| WORK ITEM |
Everything in the listing below from the line containing "Cute Babies Snuggle" through the line containing "BRAND NEW NOS" must be repeated exactly; the remaining lines are not wanted.
----------------
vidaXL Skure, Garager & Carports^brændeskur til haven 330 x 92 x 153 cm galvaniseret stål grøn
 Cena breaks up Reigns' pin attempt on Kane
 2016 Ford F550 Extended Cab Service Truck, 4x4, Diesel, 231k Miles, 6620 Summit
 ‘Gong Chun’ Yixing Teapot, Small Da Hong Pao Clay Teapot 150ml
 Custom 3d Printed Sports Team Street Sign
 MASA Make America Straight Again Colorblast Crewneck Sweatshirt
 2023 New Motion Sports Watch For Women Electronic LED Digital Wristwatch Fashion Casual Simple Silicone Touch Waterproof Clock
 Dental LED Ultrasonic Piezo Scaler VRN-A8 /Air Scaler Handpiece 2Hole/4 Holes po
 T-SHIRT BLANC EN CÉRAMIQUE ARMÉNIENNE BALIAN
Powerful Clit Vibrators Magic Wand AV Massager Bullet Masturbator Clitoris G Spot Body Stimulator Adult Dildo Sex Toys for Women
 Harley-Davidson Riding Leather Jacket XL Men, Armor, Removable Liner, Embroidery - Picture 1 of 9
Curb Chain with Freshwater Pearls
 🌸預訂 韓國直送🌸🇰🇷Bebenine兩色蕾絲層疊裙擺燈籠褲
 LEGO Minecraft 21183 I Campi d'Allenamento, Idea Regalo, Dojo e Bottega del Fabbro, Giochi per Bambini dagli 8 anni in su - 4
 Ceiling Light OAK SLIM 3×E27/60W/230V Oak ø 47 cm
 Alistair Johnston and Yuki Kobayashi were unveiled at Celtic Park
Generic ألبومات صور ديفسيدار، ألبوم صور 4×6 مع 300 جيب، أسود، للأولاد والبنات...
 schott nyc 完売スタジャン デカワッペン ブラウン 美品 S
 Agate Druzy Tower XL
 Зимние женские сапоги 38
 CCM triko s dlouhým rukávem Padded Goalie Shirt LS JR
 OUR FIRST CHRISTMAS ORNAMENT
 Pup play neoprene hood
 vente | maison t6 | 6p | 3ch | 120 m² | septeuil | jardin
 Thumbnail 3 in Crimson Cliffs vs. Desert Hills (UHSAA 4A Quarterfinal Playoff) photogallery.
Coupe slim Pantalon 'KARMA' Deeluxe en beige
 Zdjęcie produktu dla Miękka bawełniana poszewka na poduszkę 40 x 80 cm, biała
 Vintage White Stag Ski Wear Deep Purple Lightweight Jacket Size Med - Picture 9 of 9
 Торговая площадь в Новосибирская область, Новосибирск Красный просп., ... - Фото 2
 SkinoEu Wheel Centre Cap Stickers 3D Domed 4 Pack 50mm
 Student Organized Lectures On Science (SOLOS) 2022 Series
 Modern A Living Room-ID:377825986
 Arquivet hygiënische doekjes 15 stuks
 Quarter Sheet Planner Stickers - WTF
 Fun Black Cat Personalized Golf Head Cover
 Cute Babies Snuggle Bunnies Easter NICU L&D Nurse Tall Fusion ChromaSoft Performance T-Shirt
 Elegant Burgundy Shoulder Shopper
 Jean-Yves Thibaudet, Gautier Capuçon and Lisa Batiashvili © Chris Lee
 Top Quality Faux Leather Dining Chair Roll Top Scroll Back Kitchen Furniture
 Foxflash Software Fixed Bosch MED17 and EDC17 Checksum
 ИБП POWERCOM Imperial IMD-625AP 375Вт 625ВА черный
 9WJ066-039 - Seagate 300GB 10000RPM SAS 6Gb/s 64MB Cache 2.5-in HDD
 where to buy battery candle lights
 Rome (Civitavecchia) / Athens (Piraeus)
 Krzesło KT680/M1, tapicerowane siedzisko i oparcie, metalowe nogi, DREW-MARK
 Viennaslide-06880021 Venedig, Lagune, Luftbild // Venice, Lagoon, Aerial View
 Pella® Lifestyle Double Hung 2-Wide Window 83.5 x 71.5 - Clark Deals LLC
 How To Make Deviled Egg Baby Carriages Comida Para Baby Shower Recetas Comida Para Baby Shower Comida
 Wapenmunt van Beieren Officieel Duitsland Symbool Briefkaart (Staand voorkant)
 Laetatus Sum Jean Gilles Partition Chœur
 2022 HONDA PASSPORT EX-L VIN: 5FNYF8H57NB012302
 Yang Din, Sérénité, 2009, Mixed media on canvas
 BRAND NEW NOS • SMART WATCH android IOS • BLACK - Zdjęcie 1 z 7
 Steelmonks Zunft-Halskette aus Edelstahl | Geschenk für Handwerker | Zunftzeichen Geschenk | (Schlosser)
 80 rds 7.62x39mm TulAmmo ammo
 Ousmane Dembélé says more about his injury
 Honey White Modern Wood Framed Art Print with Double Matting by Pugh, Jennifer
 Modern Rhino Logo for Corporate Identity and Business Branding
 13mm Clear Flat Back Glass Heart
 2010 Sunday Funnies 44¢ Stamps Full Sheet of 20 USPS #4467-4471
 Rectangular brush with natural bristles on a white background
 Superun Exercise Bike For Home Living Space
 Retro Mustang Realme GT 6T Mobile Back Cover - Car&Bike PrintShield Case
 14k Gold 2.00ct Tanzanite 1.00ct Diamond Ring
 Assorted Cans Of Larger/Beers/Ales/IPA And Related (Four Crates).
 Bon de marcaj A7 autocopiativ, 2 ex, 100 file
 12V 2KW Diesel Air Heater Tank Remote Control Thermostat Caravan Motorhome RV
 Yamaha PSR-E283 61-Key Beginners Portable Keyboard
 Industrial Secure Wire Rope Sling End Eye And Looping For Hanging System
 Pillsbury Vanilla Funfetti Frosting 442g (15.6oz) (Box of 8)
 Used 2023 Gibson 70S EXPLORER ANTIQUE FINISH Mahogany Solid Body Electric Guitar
----------------
| RESULT OF THE TASK |
 Cute Babies Snuggle Bunnies Easter NICU L&D Nurse Tall Fusion ChromaSoft Performance T-Shirt
 Elegant Burgundy Shoulder Shopper
 Jean-Yves Thibaudet, Gautier Capuçon and Lisa Batiashvili © Chris Lee
 Top Quality Faux Leather Dining Chair Roll Top Scroll Back Kitchen Furniture
 Foxflash Software Fixed Bosch MED17 and EDC17 Checksum
 ИБП POWERCOM Imperial IMD-625AP 375Вт 625ВА черный
 9WJ066-039 - Seagate 300GB 10000RPM SAS 6Gb/s 64MB Cache 2.5-in HDD
 where to buy battery candle lights
 Rome (Civitavecchia) / Athens (Piraeus)
 Krzesło KT680/M1, tapicerowane siedzisko i oparcie, metalowe nogi, DREW-MARK
 Viennaslide-06880021 Venedig, Lagune, Luftbild // Venice, Lagoon, Aerial View
 Pella® Lifestyle Double Hung 2-Wide Window 83.5 x 71.5 - Clark Deals LLC
 How To Make Deviled Egg Baby Carriages Comida Para Baby Shower Recetas Comida Para Baby Shower Comida
 Wapenmunt van Beieren Officieel Duitsland Symbool Briefkaart (Staand voorkant)
 Laetatus Sum Jean Gilles Partition Chœur
 2022 HONDA PASSPORT EX-L VIN: 5FNYF8H57NB012302
 Yang Din, Sérénité, 2009, Mixed media on canvas
 BRAND NEW NOS • SMART WATCH android IOS • BLACK - Zdjęcie 1 z 7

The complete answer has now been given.